Value is neither an abstract ideal nor a code word for cost reduction, but for too long in health care, it has been unmeasured and misunderstood. Similar to gauging the value of the salt water marsh, the value of health care interventions should be determined by the patient’s outcomes. According to Michael E. Porter’s perspective piece in NEJM in 2010, “the outcomes for a patient are multidimensional, condition specific, thus there [currently] is no single outcome best that captures the results of an intervention.” His piece goes further to propose a three-tiered model of assessing health care outcomes. Tier one is the improvement in survival and degree recovery achieved in functional status, tier two is the time required to recover short term discomforts, and tier three is a the sustainability of health status — the technical details are addressed in the framework paper. Using standardized actuarial data for the prices of these specific outcomes, we can assign a dollar amount to the outcomes and thus arrive at the specific values of various interventions and tests. Simply put, value should be calculated based on the sum of outcomes for specific interventions and not on their cost of production.
This sort of definition of value is more patient-centered and is not obscured by cost reduction, price of inputs or research and development. Similar to the analysis in swamp marshes, this type of calculation can help build a framework around which to discuss value in health care. By no means does this framework seek to assign a number to human life or its protection, nor is it any attempt to limit life-saving interventions. Quite the opposite, the best way to improve the quality and lower the cost of health care delivery is through a discourse where value is measured in a standardized way and made transparent. Thus, the system can reward and incentivize true improvements to ensure a marriage of price and value.
The rising price of health care services is multifactorial and has been written about ad nauseam. However, a fact that is central to the discussion is almost never mentioned: the true value of the services we are receiving. The price of services is rarely a good proxy for the value the patients receive. If anything, it is based on the cost that goes into producing the service, never the actual outcome for the patient. Following the revolution in health care to provide “patient-centered” care, it only makes sense for value in this system to be based on the patient’s outcomes.

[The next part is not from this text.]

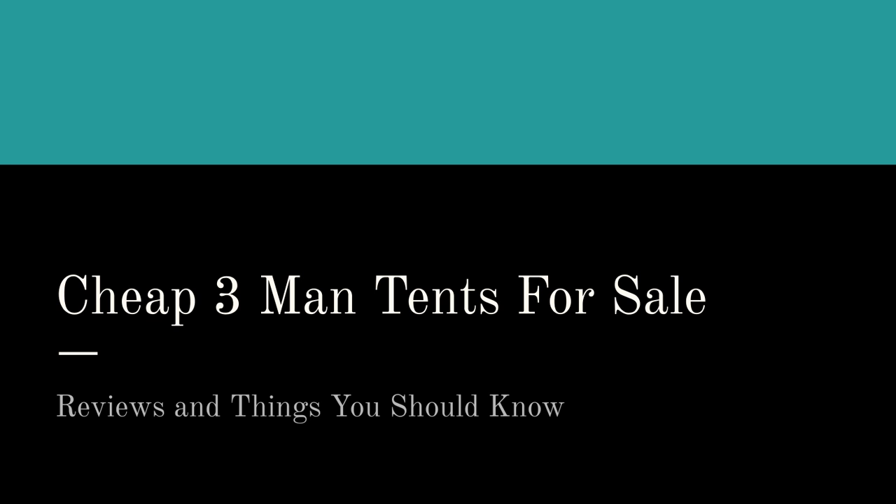Hi friends. On this page and in this video we're going to talk about cheap three-man tents. And if you're watching this on YouTube, go ahead and click on the link in the description box or near this video to hop on over to our website where you can enter your email address and get access to our quick start guide.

The struggles health care faces in quantifying value is not unique. Those who seek to protect the environment from industrial and human activities have been forced to develop metrics that capture the beauty and value of the environment. Borrowing strategies that environmental economists use to value natural resources, health care can at least begin to develop these metrics that are central to the discussion of health care cost. In fact, defining value in health care would be the first step at both lowering cost and improving quality — the holy grail of medicine in the 21st century.